I'm always thrilled to confer the sacrament of baptism, but I honestly don't encourage doing it during Mass--but I don't refuse if that is what the family requests. As it happens, recently a parishioner asked me why not. In addition to the issues I just addressed are other concerns:
> It will make Mass longer and the homily is a bit of a challenge;
> You may say, so what if Mass is longer, folks should just go with it. Well, perhaps folks should, but they don't always. Besides, I happen to have 10:30 Mass at the other parish and it's not easy moving from the 9 am Mass to the 10:30 am Mass even in normal situations.
> The family doesn't necessarily enjoy having a baptism during Mass. Children don't always manage the hour or so of Mass and the family is usually a bit nervous about what to do, when to come forward, etc. Also they have to get the godparents and other family members there. On the other hand, when the family has a baptism after Mass, it's a lot less stressful. I always wait till everyone is ready ("Is there anyone you're still waiting for? We can wait")--but I can't hold up Sunday Mass for a late-arriving family member. If, at a Sunday afternoon baptism, one of the children has a meltdown, it's no problem just hitting the pause button--an uncle can take the child to the back of church or outside, or if its the candidate for baptism him- or herself, then we just wait a moment. Most families find it pretty awkward to have that happen in front of 200 folks, but they don't seem to mind it with 10 or 20 family members after Mass.
So why is this baptism happening during Mass? Well, the family requested me to celebrate it, which is an honor, but because of another commitment, I couldn't do it after the Noon Mass; so the only way I could do it this weekend was as part of 9 am Mass.

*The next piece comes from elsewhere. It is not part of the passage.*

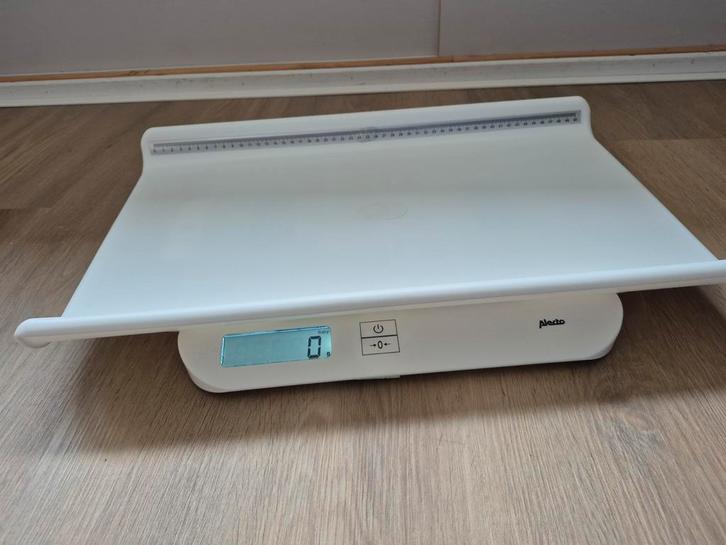 Alecto Babyweegschaal - BC-10, Kinderen en Baby's, Badjes en Verzorging, Zo goed als nieuw, Overige typen, Overige merken, Standaard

After that, it became necessary for me to take the 10:30 am Mass (where a couple asked me to be present, as they are celebrating 68 years of marriage).
Now, one reason I'm posting this is so that folks can see the side of priestly ministry that's not always apparent. But I have another reason.

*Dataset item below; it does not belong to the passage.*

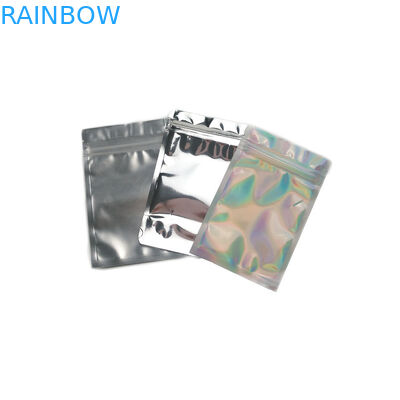 بسته بندی کیسه های بسته بندی شده بذر Ziplock Chilproof ، چاپ سفارشی فویل بسته بندی شده کوچک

Many folks have been told that baptisms are "supposed" to be done during Sunday Mass, or that it's somehow "better" to do it that way. The parishioner who asked me about it had, I gathered, been told that. And in answering her question--mentioning much of what I just wrote--I said I simply didn't agree with that.
Today, in preparing for this, I re-read the instructions of the Church on this subject; I thought you might be interested in what the Church actually says about this--as opposed to what some folks' preferences might be, no matter how frequently expressed:
To bring out the paschal character of baptism, it is recommended that the sacrament be celebrated during the Easter Vigil or on Sunday, when the Church commemorates the Lord's resurrection. On Sunday, baptism may be celebrated even during Mass, so that the entire community may be present and the relationship between baptism and eucharist may be clearly seen; but this should not be done too often. (Rite of Baptism for Children, paragraph 9)
Now, please take note of what that paragraph does--and does not--say:
> It is "recommended" during only one specific Mass: the Easter Vigil;
> "Or on Sunday"--i.e., on the day, nothing about being recommended during Sunday Mass;
> It is not required to take place on these occasions--i.e., it need not occur on Sunday (elsewhere the instruction does spell out that baptism is normally supposed to take place in a church or chapel, and that an ordained minister normally celebrates it--but of course in danger of death, it can be done anywhere by anyone);
> It may be celebrated "even during Mass"--i.e., it's allowed, and it does have some advantage: "so that the entire community may be present and the relationship between baptism and eucharist may be clearly seen";
> But totally absent is any language of "should," "preferred" or "recommended"; on the contrary, the one specific recommendation in this regard is, "this should not be done too often"!
If you read this paragraph differently, please let me know what you see in this that says baptisms are "supposed" to be at Mass; I'm not seeing it.
Here again is an example of where some well intentioned folks have taken an idea about the liturgy and run way beyond what the Church actually says. Another example would be those who insist you can't have baptisms, weddings or first communion during Lent (our parishes are having first communion during Lent--why? Because Easter is late and it's the least-bad option; but there's nothing that says we cannot have first communion during Lent). Or that we should take holy water away during Lent, or that sacraments should always be administered during Mass (again, the Church never says that, but many people have been told this), or else you get to any number of things that were done in the name of Vatican II, yet were never taught by Vatican II.
I am very happy to have the baptism for this family and I am honored they asked for me. It's good for me to do this once in a while and it will all work out. And I do hope all those present will realize what a wonderful thing baptism is, and what a privilege to be part of it!